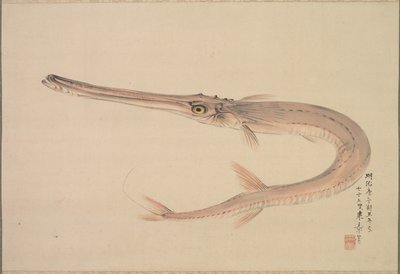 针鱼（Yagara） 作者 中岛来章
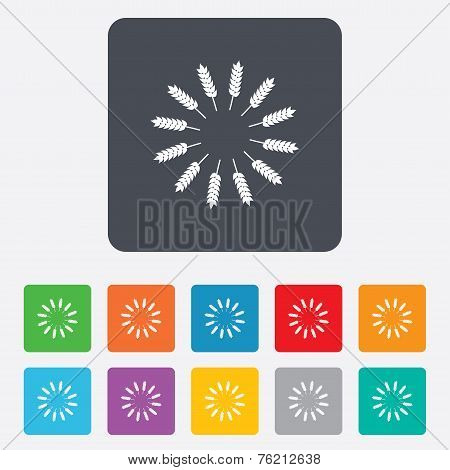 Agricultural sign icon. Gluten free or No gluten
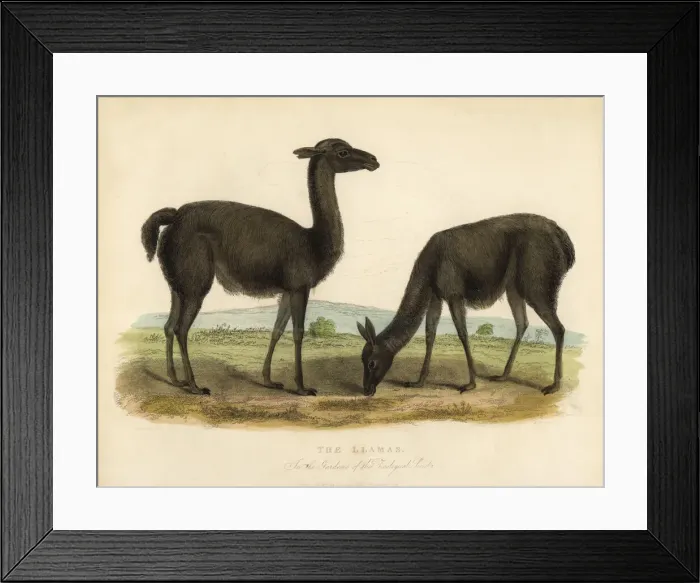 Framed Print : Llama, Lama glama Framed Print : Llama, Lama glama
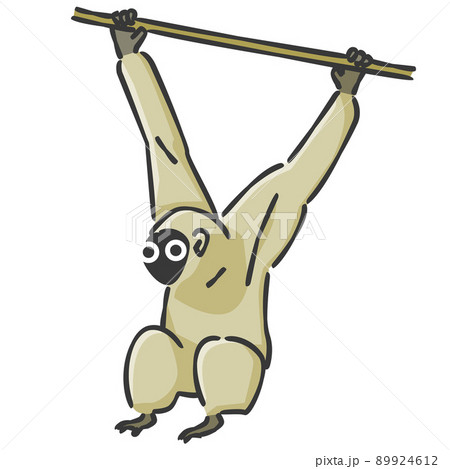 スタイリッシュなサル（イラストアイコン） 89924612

◆ ◆ ◆ ◆ ◆ ◆ ◆

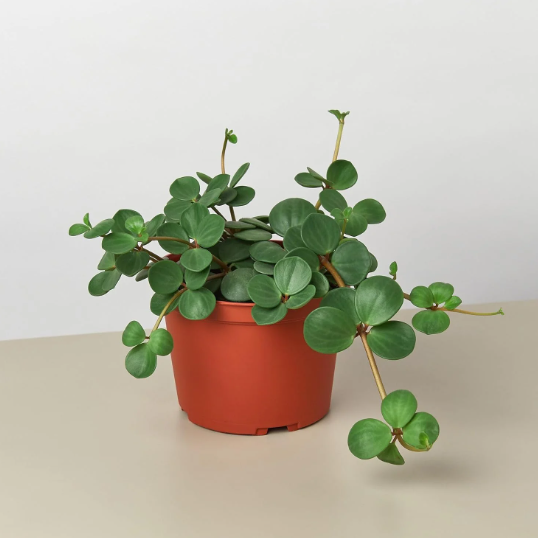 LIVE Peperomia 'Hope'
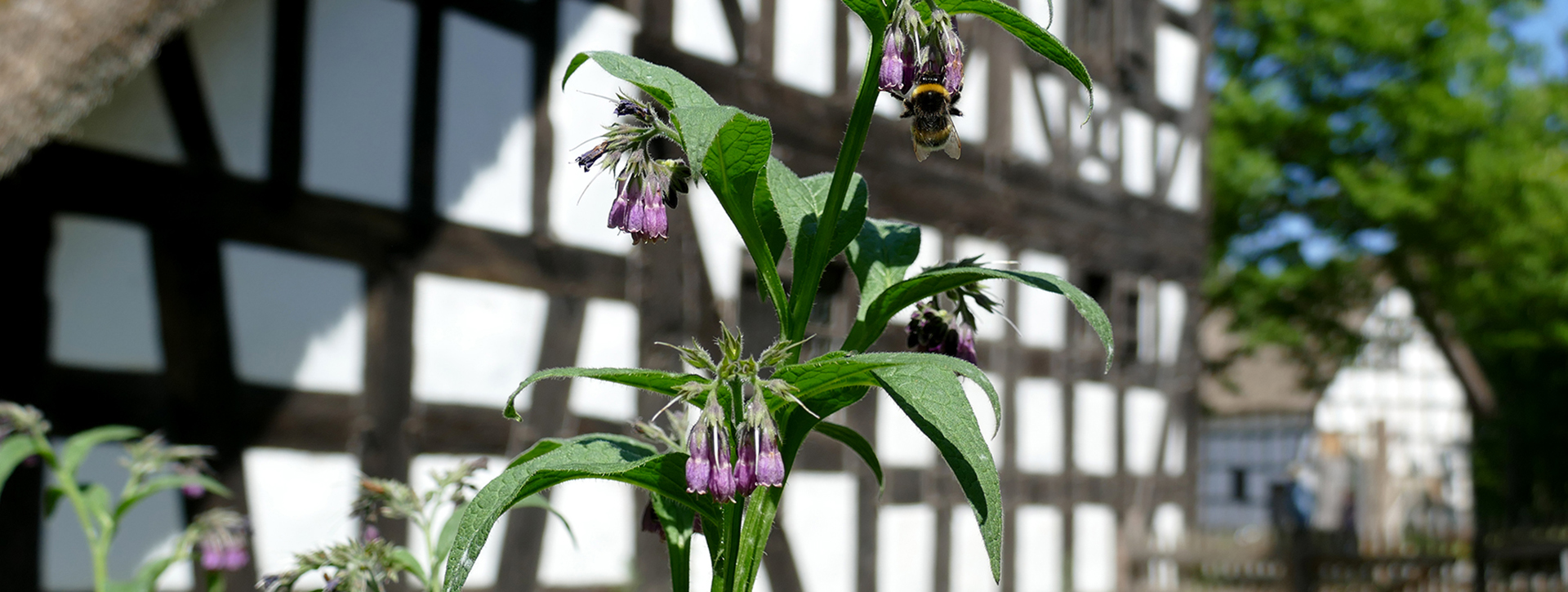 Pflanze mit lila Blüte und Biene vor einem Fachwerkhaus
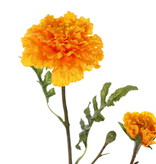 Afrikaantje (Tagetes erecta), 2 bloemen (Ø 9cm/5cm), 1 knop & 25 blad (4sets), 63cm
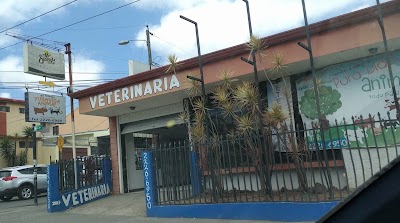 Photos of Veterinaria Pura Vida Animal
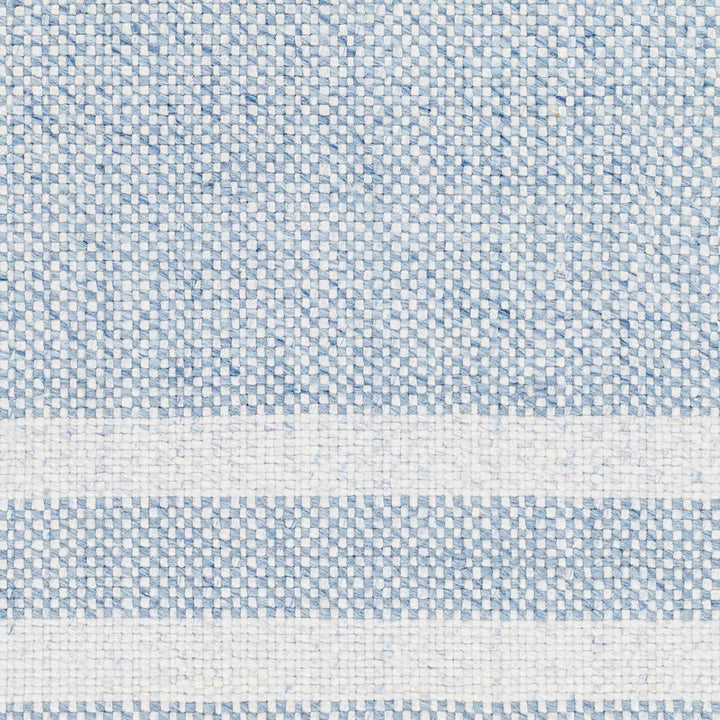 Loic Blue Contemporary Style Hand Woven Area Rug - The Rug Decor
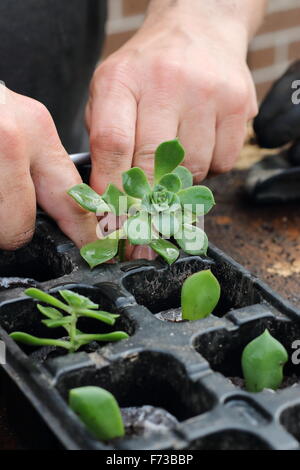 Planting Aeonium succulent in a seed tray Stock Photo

◆ ◆ ◆ ◆ ◆ ◆ ◆

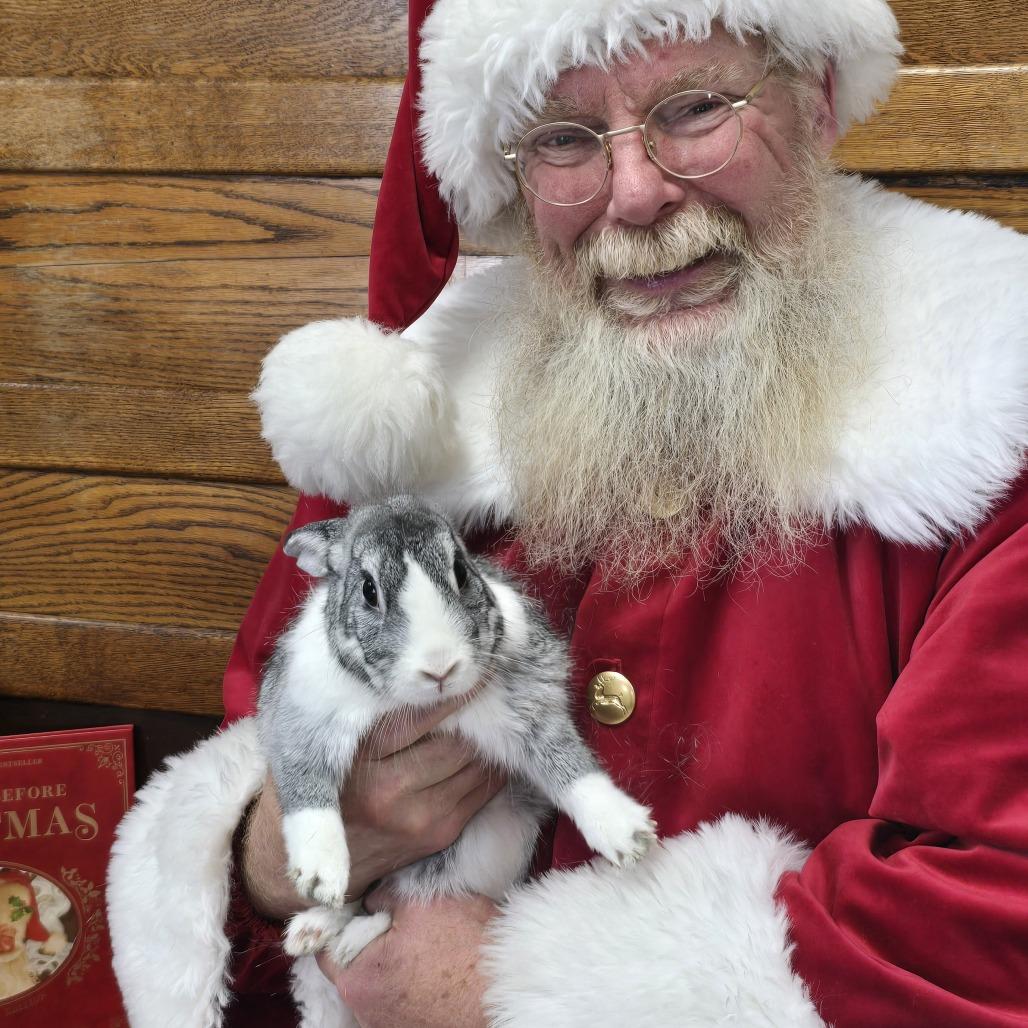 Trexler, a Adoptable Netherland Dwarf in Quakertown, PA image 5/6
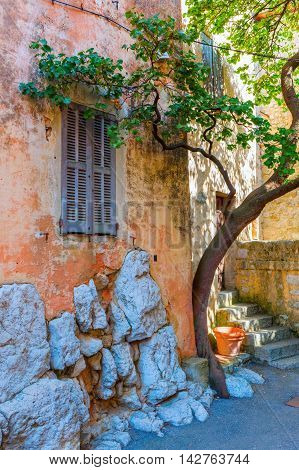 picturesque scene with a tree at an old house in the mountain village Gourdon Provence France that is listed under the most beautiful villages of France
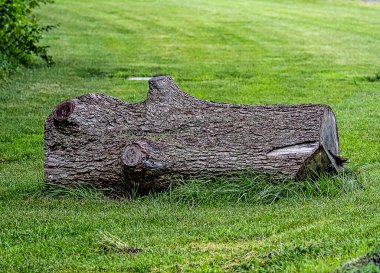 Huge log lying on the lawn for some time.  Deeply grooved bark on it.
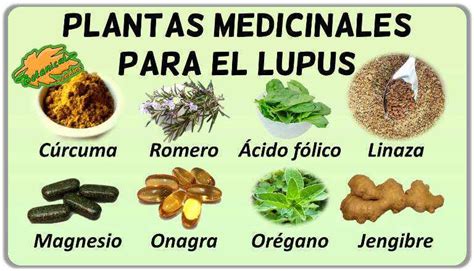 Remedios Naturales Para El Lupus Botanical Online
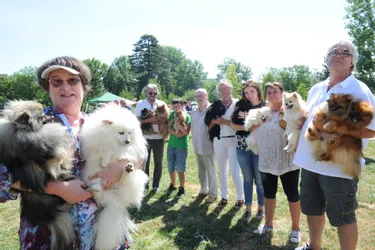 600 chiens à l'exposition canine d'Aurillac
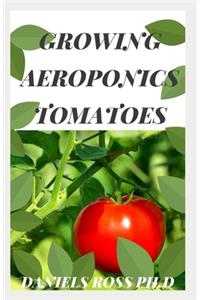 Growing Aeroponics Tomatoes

◆ ◆ ◆ ◆ ◆ ◆ ◆

__Assignment__
Look above for the line containing "Afrikaantje (Tagetes erecta), 2" and the line containing "Planting Aeonium succulent", then reproduce both and everything between them exactly, pictures omitted.

__Answer for the task__
 Afrikaantje (Tagetes erecta), 2 bloemen (Ø 9cm/5cm), 1 knop & 25 blad (4sets), 63cm
 Photos of Veterinaria Pura Vida Animal
 Loic Blue Contemporary Style Hand Woven Area Rug - The Rug Decor
 Planting Aeonium succulent in a seed tray Stock Photo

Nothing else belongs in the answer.